**YOUR INSTRUCTIONS:**
No pictures should appear in the copy; otherwise retype the entries exactly.

**Brief descriptive captions:**
....................
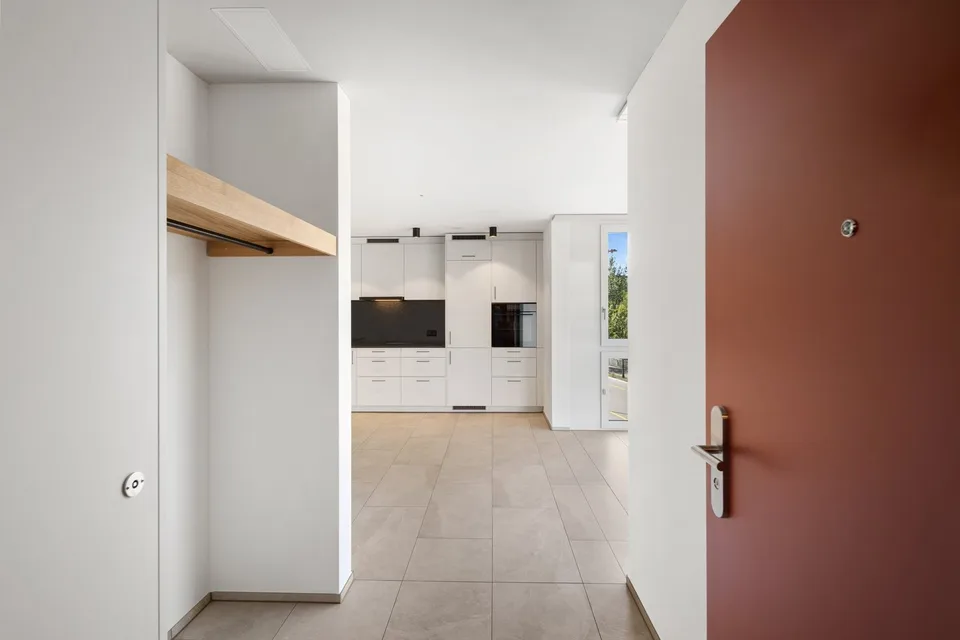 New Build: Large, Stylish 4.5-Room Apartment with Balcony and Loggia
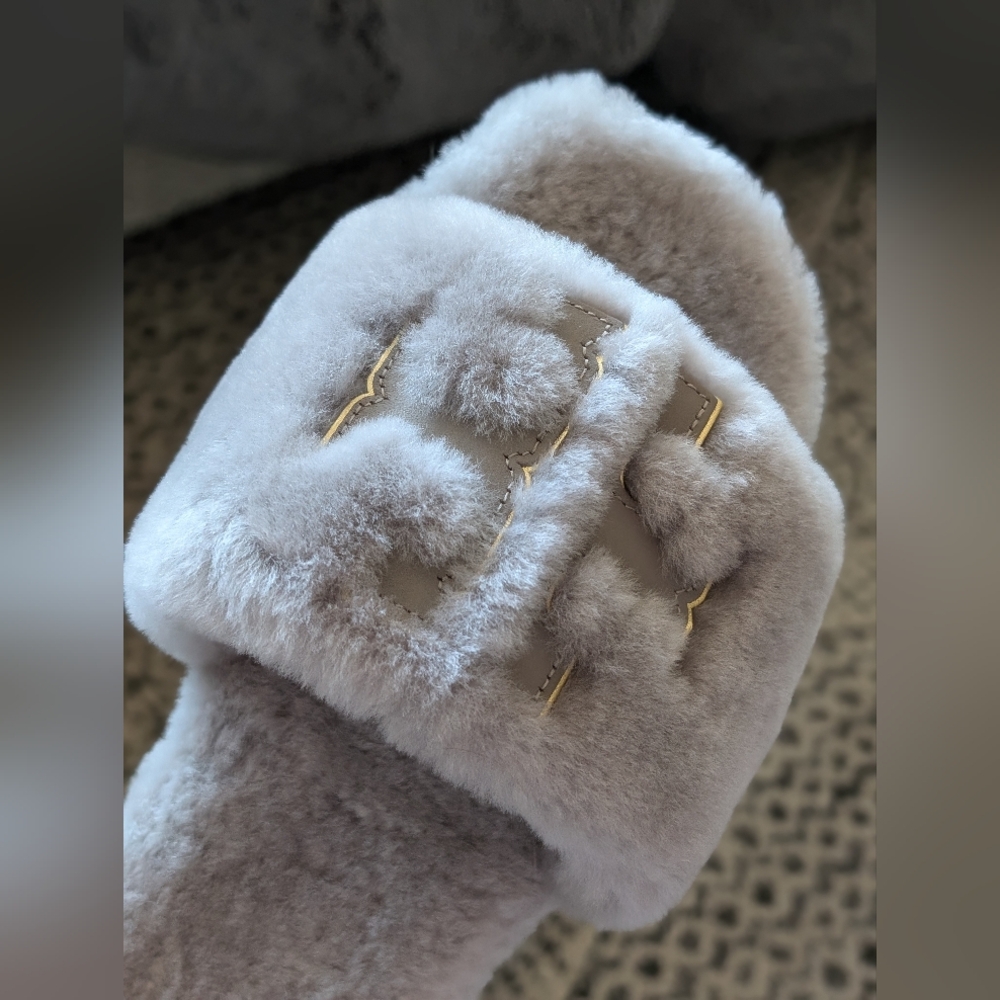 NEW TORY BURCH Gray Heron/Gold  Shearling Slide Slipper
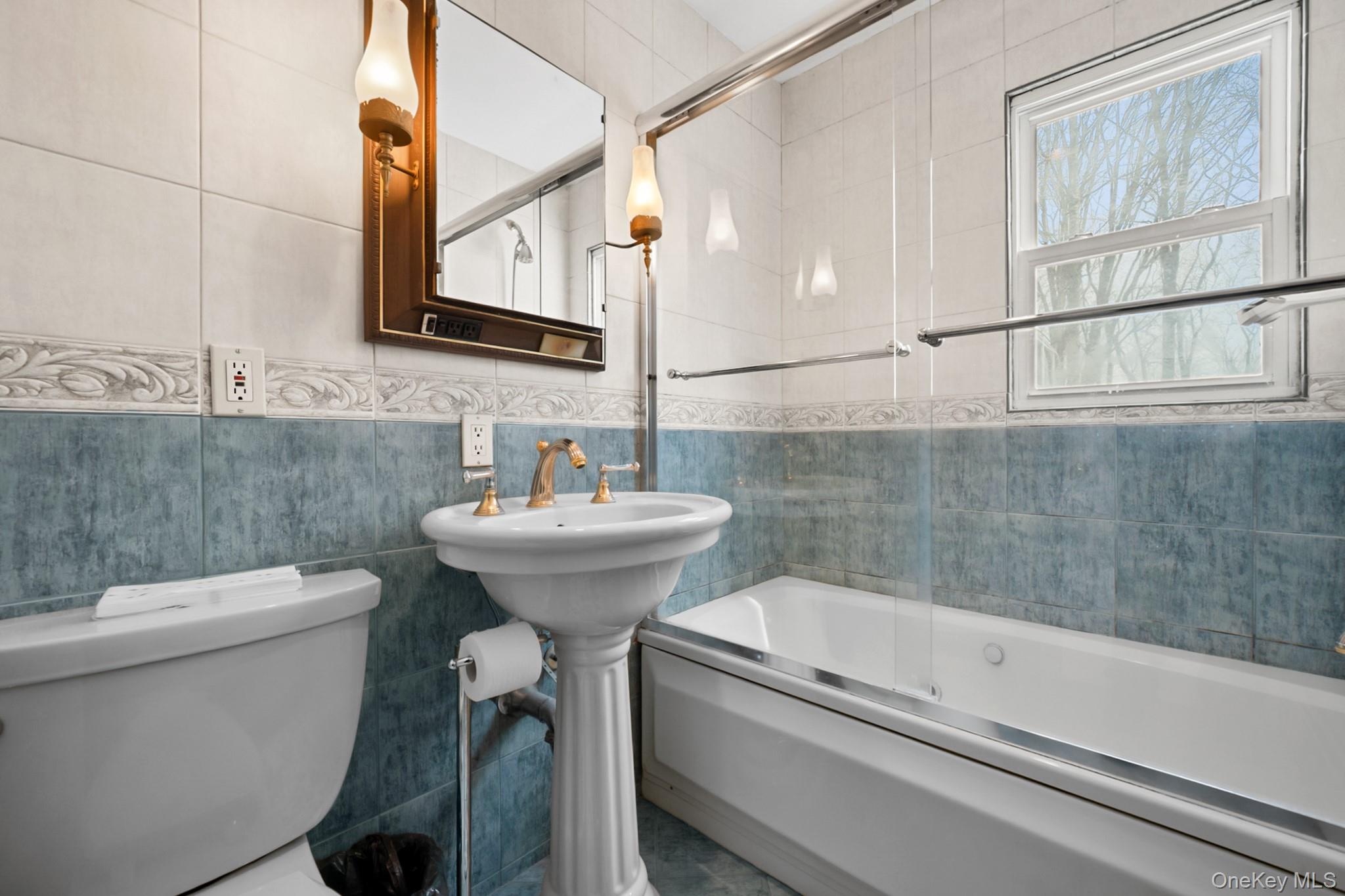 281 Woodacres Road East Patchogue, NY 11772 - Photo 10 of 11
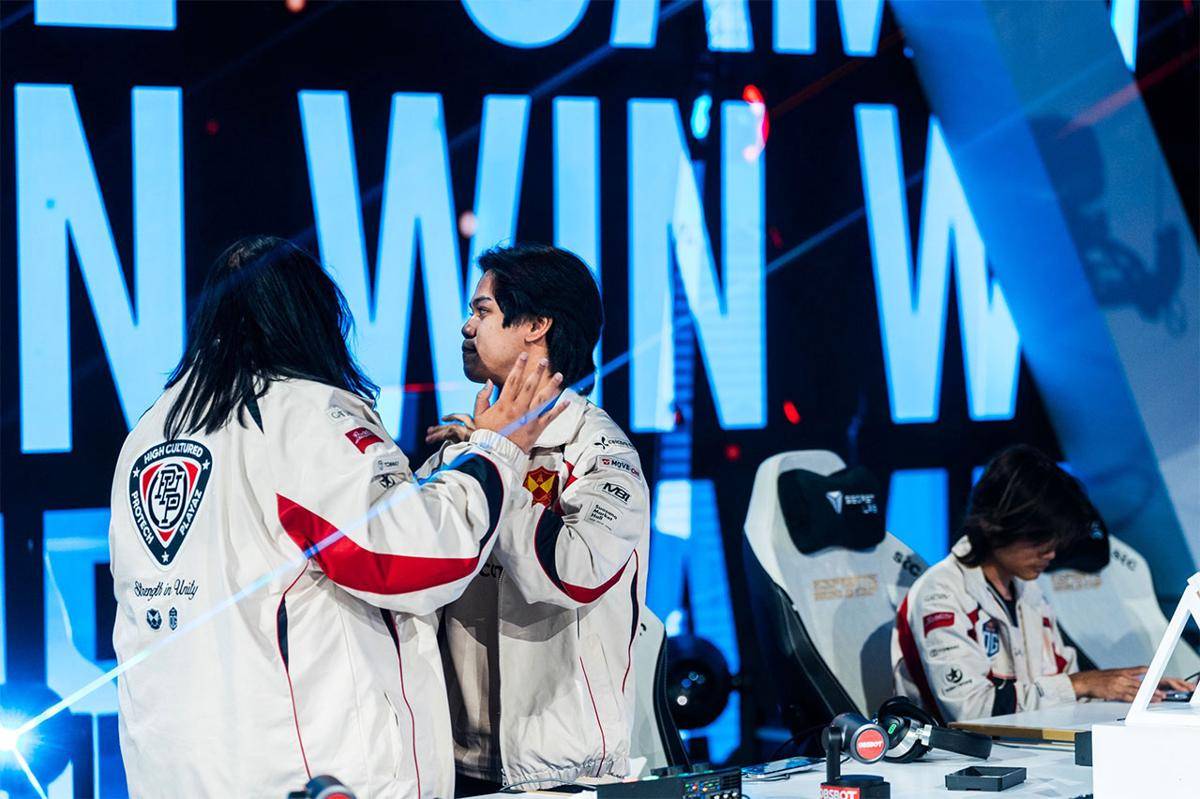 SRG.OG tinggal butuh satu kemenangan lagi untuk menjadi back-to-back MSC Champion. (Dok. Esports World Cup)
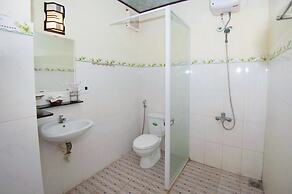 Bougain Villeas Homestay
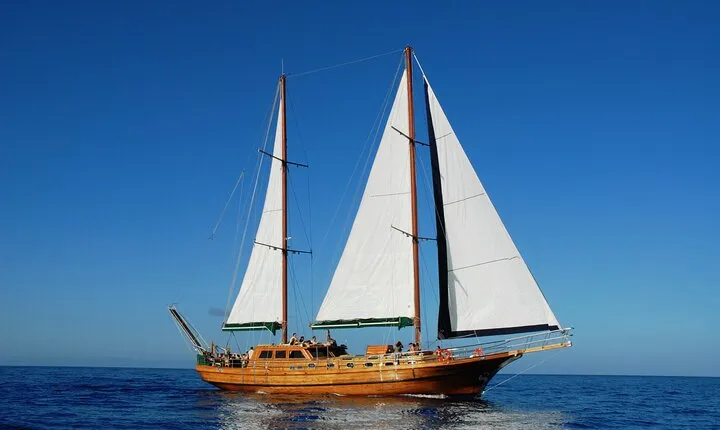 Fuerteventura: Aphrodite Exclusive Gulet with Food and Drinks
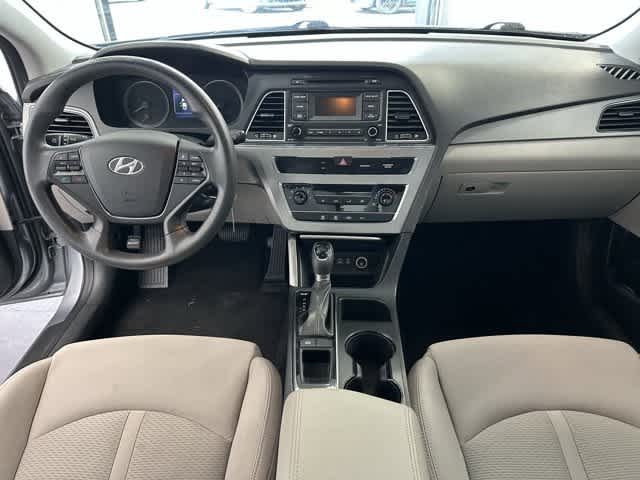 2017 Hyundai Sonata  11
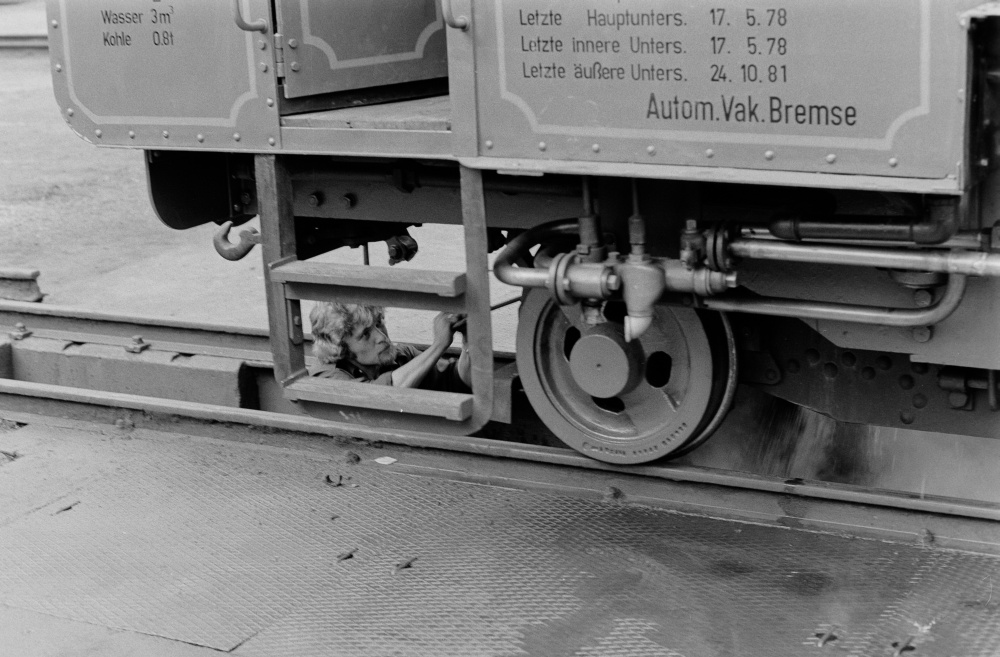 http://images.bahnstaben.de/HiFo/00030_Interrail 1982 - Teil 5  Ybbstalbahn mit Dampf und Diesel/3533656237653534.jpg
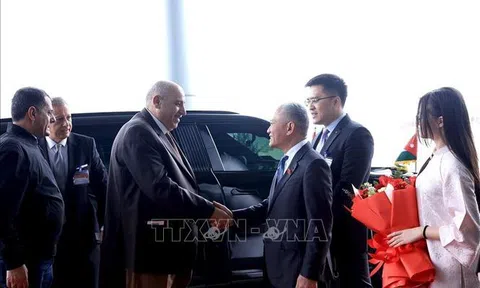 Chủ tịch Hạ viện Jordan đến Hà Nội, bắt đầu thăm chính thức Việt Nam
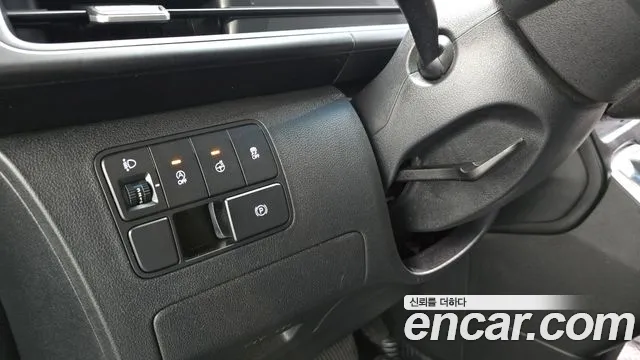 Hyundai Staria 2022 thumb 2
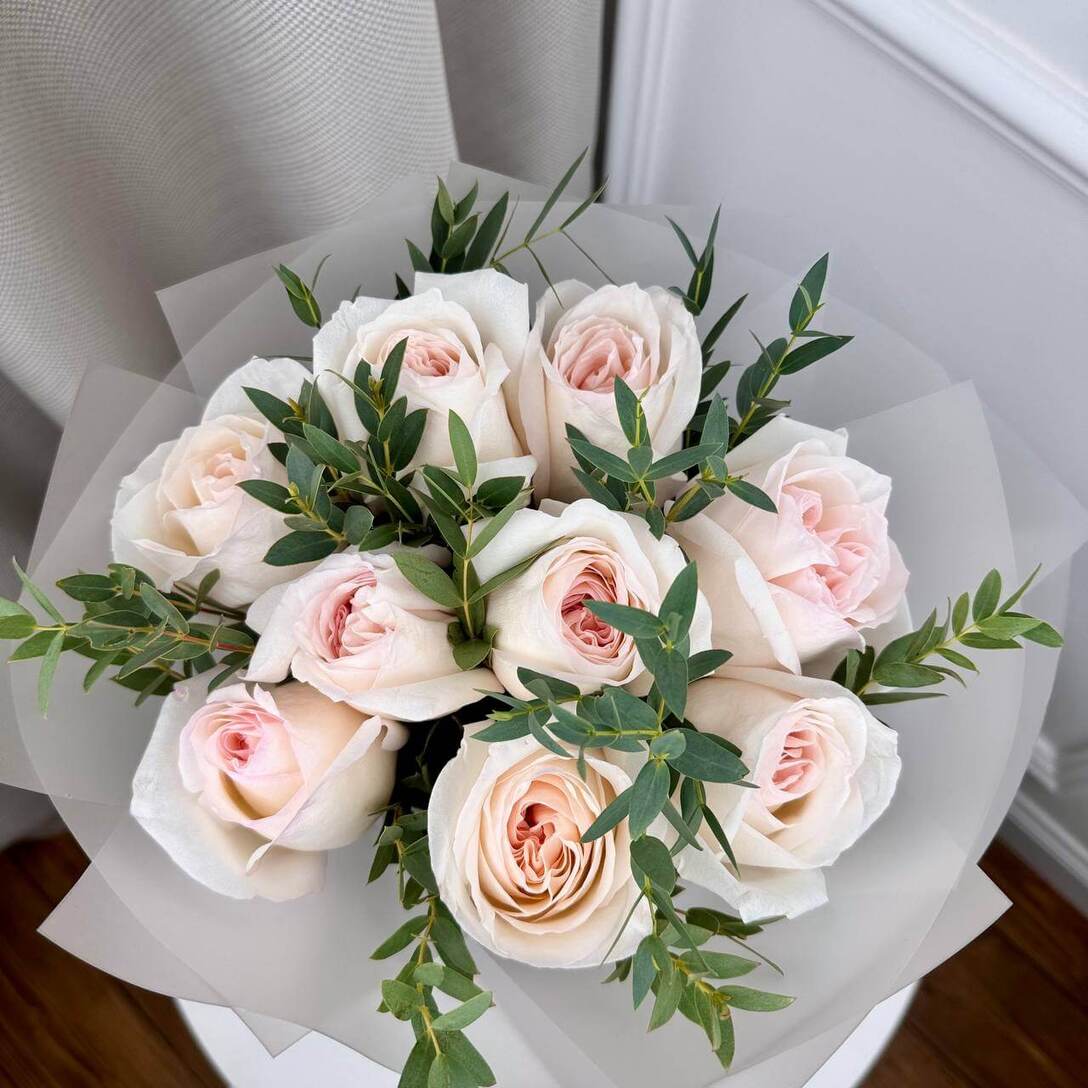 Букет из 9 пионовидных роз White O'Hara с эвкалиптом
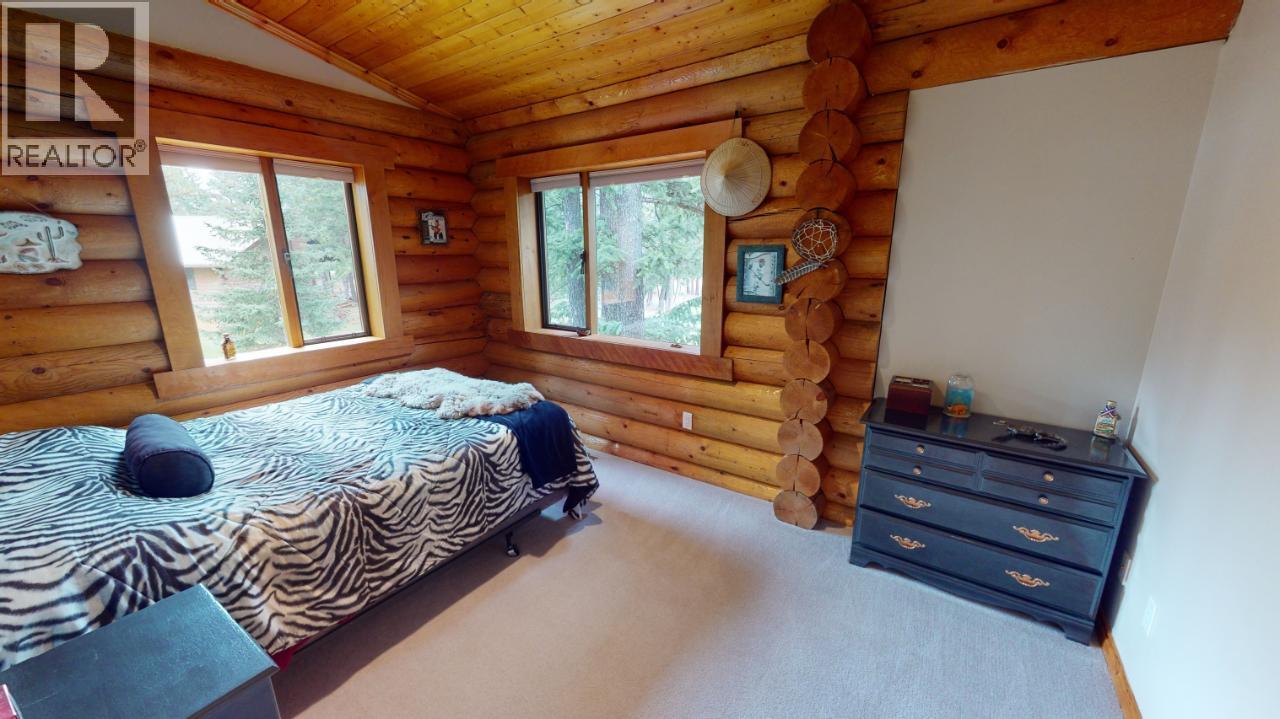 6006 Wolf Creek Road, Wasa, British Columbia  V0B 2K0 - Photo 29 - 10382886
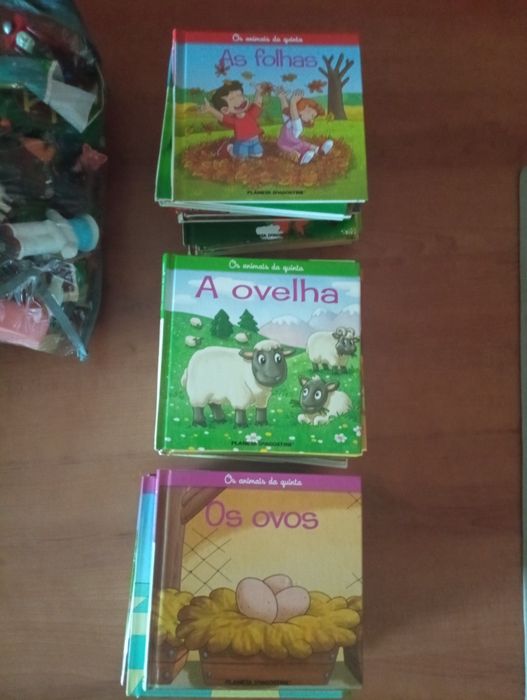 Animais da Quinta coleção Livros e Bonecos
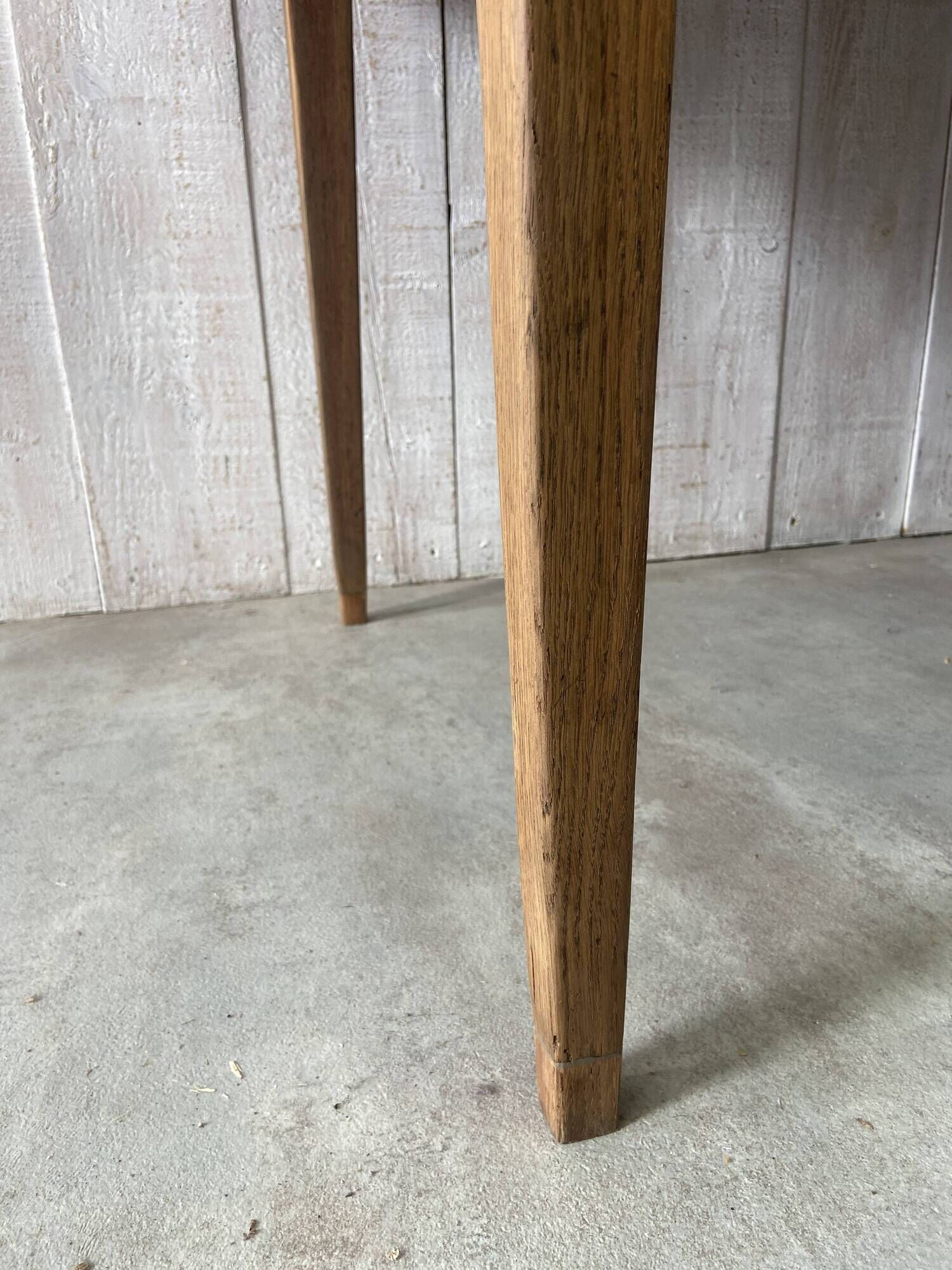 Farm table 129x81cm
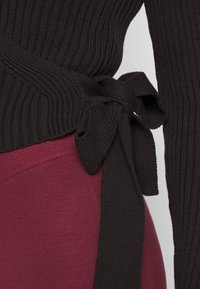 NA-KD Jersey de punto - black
....................
**COMPLETED TASK:**
 New Build: Large, Stylish 4.5-Room Apartment with Balcony and Loggia
 NEW TORY BURCH Gray Heron/Gold  Shearling Slide Slipper
 281 Woodacres Road East Patchogue, NY 11772 - Photo 10 of 11
 SRG.OG tinggal butuh satu kemenangan lagi untuk menjadi back-to-back MSC Champion. (Dok. Esports World Cup)
 Bougain Villeas Homestay
 Fuerteventura: Aphrodite Exclusive Gulet with Food and Drinks
 2017 Hyundai Sonata  11
 http://images.bahnstaben.de/HiFo/00030_Interrail 1982 - Teil 5  Ybbstalbahn mit Dampf und Diesel/3533656237653534.jpg
 Chủ tịch Hạ viện Jordan đến Hà Nội, bắt đầu thăm chính thức Việt Nam
 Hyundai Staria 2022 thumb 2
 Букет из 9 пионовидных роз White O'Hara с эвкалиптом
 6006 Wolf Creek Road, Wasa, British Columbia  V0B 2K0 - Photo 29 - 10382886
 Animais da Quinta coleção Livros e Bonecos
 Farm table 129x81cm
 NA-KD Jersey de punto - black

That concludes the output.